William Joseph (Bill) Sassaman
December 24, 1942 – October 1, 2023
Bill was born in Easton, Pennsylvania, the first of four children. His parents, Carl and Marguerite Sassaman, were both teachers with wanderlust, and they moved the family to different parts of the US just about every year. By the time he graduated from high school, Bill had lived in 18 towns, from Pennsylvania to California, from Nebraska to New Mexico. I think it inspired a sense of adventure in him!
After graduating from the University of New Hampshire in 1969 with a degree in Forestry, he and his first wife, Virginia, along with their 4-year-old son, Scott, and infant daughter, Heather, headed for Alaska, where Bill planned to be a forester and bush pilot (he had his private pilot’s licence). On the way, they detoured to Nanaimo to visit a university friend, also a forester. That friend gave Bill the best piece of advice ever: “Why go to Alaska? Stay here.

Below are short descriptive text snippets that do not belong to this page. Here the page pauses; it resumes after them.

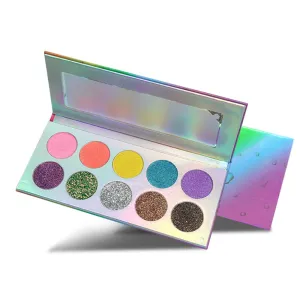 Highly Pigmented Eye Makeup Palette , 10 Colors Matte Shimmer Metallic Eyeshadow Pallet Long Lasting Blendable Natural Colors Waterproof Make Up Eye Shadows Cosmetics Gift Kit-Great for Travel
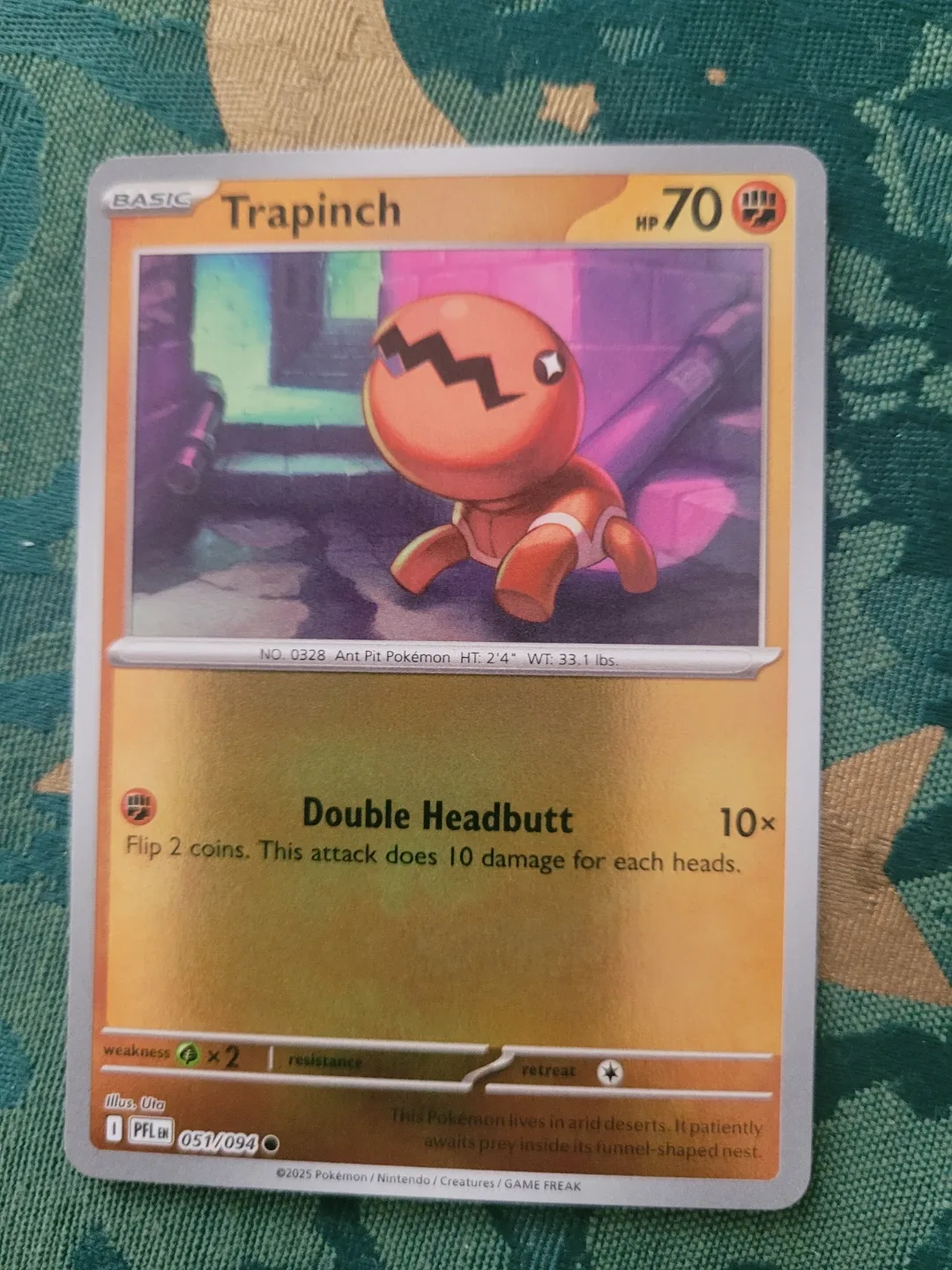 Pokemon Trapinch Reverse Holo Trading Card ⚽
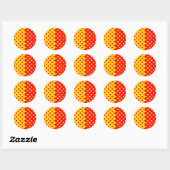 Half rode gele stippen patroon ontwerp ronde sticker (Vel)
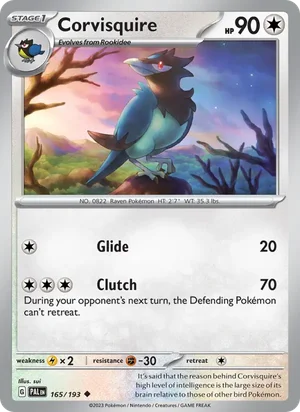 Corvisquire 165/193 Uncommon, Paldea Evolved Pokémon TCG card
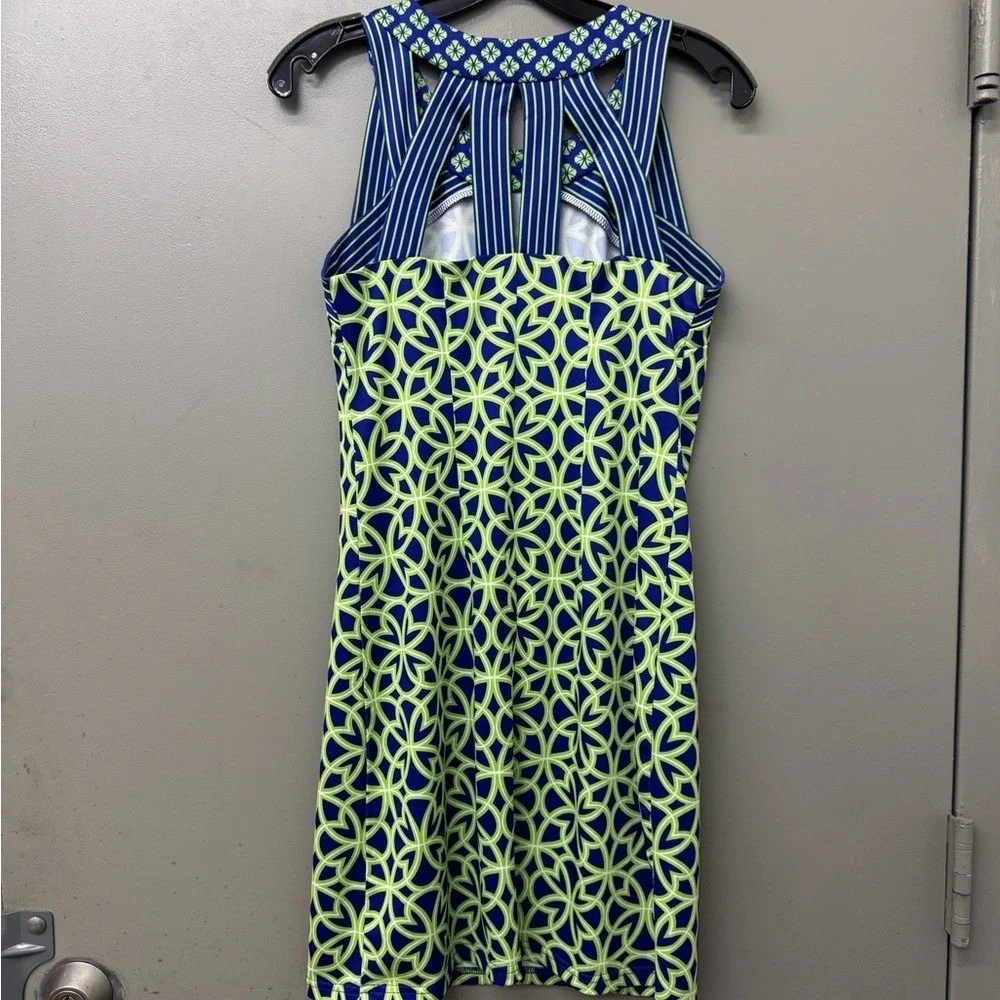 Gretchen Scott Jersey Isosceles Green and Blue Mini dress size small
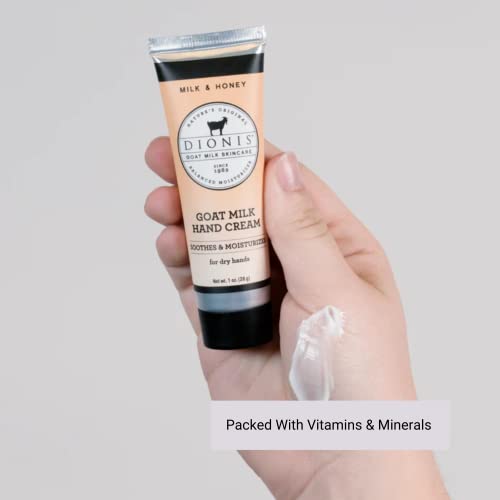 Dionis Goat Milk Hand Cream ingredients list includes goat milk and honey.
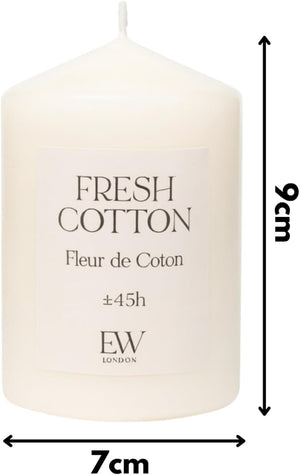 Fresh linen fragrance pillar candle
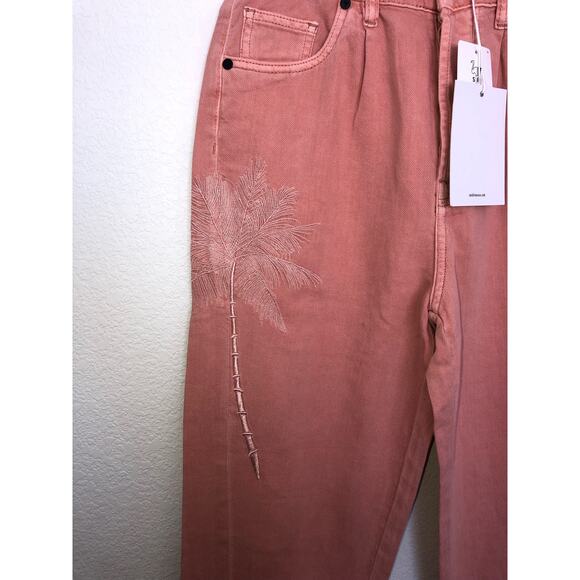 Free People v. Sandrine Rose Wide Leg High Rise Embroidered Pink Pants - 26 - Picture 3 of 10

BC has everything you’re looking for!” Bill got a job with MacMillan Bloedel that day and was granted landed immigrant status the next day.
He worked for MacBlo for a year before the family moved to Argenta in southeastern BC, to teach and houseparent at the Argenta Friends School (Quakers). In 1971, Bill and Virginia separated and he returned to New Hampshire to earn a master’s degree in Forestry Mensuration. The family reunited briefly in NH before he became the single father of two. He enrolled 3-year-old Heather in the Newmarket (NH) Day Care Center, where he met me, the head teacher of the three-year-old class and single mother of 5-year-old Caitlyn. In 1973, Bill and I fell in love and soon formed a family with our three children.
Bill’s next educational venture was at Virginia Polytech, working on a doctorate in Forestry Mensuration. After a year, he knew it was time to forego the Ph.D. and return to Canada. We arrived at the Peace Arch Crossing on July 15, 1974. Bill worked again as a forester in Gold River and Tahsis before we went in search of our homesteading dream, which, as it turned out, we found in Argenta. We became Canadian citizens in 1978.
Bill, our teenagers, and I moved to Victoria in 1983. It was the first time Bill had lived in a city and he knew that he needed a way to get out of town. After decades of climbing mountains, skiing downhill and cross-country, and playing basketball, Bill discovered sailing! He had to convince me that moving onto a boat and sailing oceans was an excellent plan. It took a lot of convincing but he was persuasive. We joined Bluewater Cruising Association in 1986 and bought an offshore-capable 34’ ketch, Emrys. We moved aboard in 1987, to learn how to live in such a small space, pare down items that we didn’t need, and to build a cruising fund. From 1990 to 1993, we cruised the U.S. west coast, the Sea of Cortes, and then made long passages to French Polynesia, Hawaii, and back to BC. It was an adventure of a lifetime and I am so grateful that he was so persuasive!
Our post-cruise plan had been to sell the boat, buy a house, and get another dog. Instead, we agreed that we loved living in a small, mobile space and opted to remain liveaboards. We sold the ketch, bought a 52’ sloop on which we lived and ran charters along the BC coast, before buying our present boat, Alia, in 2002. It was also in 2002 that we rejoined BCA, after a hiatus of eight years.
Bill and I have lived aboard in Victoria, the Lower Mainland, and since 2012, in Cowichan Bay. It was during our 8-year on-and-off life at anchor in False Creek that Bill became passionately concerned about the rights of liveaboard boaters. Eventually that concern would lead him to form the BC Nautical Residents Association with other like-minded liveaboards at the Wharf Street Docks in Victoria’s Inner Harbour.
Over the course of his life, Bill was a forester, teacher, logger, wild fire fighter, backhoe operator, car salesman, charter captain, realtor, and small business owner. He enjoyed learning new skills in each profession or job. A pacifist, Bill was first an attender of the Argenta Friends Meeting and for the past twelve years, of the Cowichan Valley Friends Meeting.
In the final weeks of his “journey with cancer,” he liked to say that he had lived the best 80 years of his life “so far” and had no regrets. I know that I have no regrets about our 50 years together of love, friendship, and adventure.
Our family will hold a celebration of life for Bill in the late spring or early summer of 2024.